The scrapping of the work test for individuals aged 65 and 66 who want to make superannuation contributions is likely to be implemented using a method that targets certain groups of people, a technical expert has said.
“I think what we’ll see is the targeted removing of the work test for certain cohorts of individuals that arguably the work test currently discriminates against,” SuperConcepts technical services and education general manager Peter Burgess told delegates at the recent SMSF Association 2020 National Conference held on the Gold Coast.
“The ones that come to mind for me are the small employers who sell their businesses, they receive their proceeds after 65, but [currently] have to meet the work test, [or] someone who receives a structured settlement contribution after age 65 who has got to meet the work test.
“So it makes sense to me they’d look at removing the work test for those cohorts of individuals.”
Burgess said the measure to scrap the work test, which was announced in the 2019/20 federal budget but is yet to be passed into law, is likely to be carried out in this manner because of the unintended consequences from alternative implementation methods.
“The biggest barrier to the government doing [away with the work test] is the deductibility rules.
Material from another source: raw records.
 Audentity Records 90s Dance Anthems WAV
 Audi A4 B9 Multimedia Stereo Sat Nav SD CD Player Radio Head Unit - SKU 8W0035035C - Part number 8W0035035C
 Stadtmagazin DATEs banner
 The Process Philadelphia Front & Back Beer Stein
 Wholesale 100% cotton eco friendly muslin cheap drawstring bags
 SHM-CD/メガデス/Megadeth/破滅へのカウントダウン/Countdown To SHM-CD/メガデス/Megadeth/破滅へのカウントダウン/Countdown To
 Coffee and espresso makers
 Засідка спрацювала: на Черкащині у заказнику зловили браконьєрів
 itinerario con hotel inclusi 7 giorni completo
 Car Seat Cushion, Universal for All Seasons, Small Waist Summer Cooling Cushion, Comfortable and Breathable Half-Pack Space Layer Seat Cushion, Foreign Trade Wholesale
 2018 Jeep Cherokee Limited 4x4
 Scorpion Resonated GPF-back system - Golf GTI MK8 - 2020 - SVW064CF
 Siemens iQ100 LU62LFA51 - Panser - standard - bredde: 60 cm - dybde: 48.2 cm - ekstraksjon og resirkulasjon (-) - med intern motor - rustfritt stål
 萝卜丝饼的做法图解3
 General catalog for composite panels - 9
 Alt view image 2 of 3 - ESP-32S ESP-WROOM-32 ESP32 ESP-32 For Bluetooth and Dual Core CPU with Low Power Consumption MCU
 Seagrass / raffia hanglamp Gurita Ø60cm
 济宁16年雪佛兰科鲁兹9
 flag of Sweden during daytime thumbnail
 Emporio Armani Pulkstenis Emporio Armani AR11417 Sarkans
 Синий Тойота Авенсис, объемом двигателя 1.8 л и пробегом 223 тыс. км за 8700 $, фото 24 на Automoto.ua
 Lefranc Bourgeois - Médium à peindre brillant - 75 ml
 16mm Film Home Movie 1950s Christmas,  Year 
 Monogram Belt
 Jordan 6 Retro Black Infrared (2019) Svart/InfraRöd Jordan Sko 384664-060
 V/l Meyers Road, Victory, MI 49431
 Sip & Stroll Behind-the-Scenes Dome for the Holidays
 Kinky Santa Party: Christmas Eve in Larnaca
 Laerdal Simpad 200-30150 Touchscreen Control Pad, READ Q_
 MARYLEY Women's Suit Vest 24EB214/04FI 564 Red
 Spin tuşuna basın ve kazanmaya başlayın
Of course if you do away with the work test, individuals up to the age of 75 will be able to make voluntary contributions, claim a tax deduction and then take those contributions out at will,” he said.
“I’m not sure that’s a result that Treasury would be particularly keen on.”
With regard to another budget announcement not yet passed into law, that being allowing people aged 65 to 67 access to the bring-forward non-concessional contributions rule from 1 July 2020, he issued a word of warning to practitioners.
“The problem here is that this has not been passed into law. So whenever we’re talking about the bring-forward rules for non-concessional contributions, planning is all important, particularly for clients as they get close to age 65,” he noted.
“Normally what we do is we wait until the year they turn 65 and we trigger the bring-forward rule then to try and maximise the amount we’re getting in. The problem we’ve got now is we don’t know when that final year is because they’ve announced this change but it’s not law.”
He pointed out this creates an advice conundrum for clients turning 65 in the 2020 financial year who qualify to use the extension of the bring-forward non-concessional contributions rules.
“Do you play it safe and say look let’s trigger it this year [and make a $300,000 contribution] or do you assume the changes will be made and [recommend] a $100,000 non-concessional contribution this year and next and you trigger it in the year they turn 67?” he said.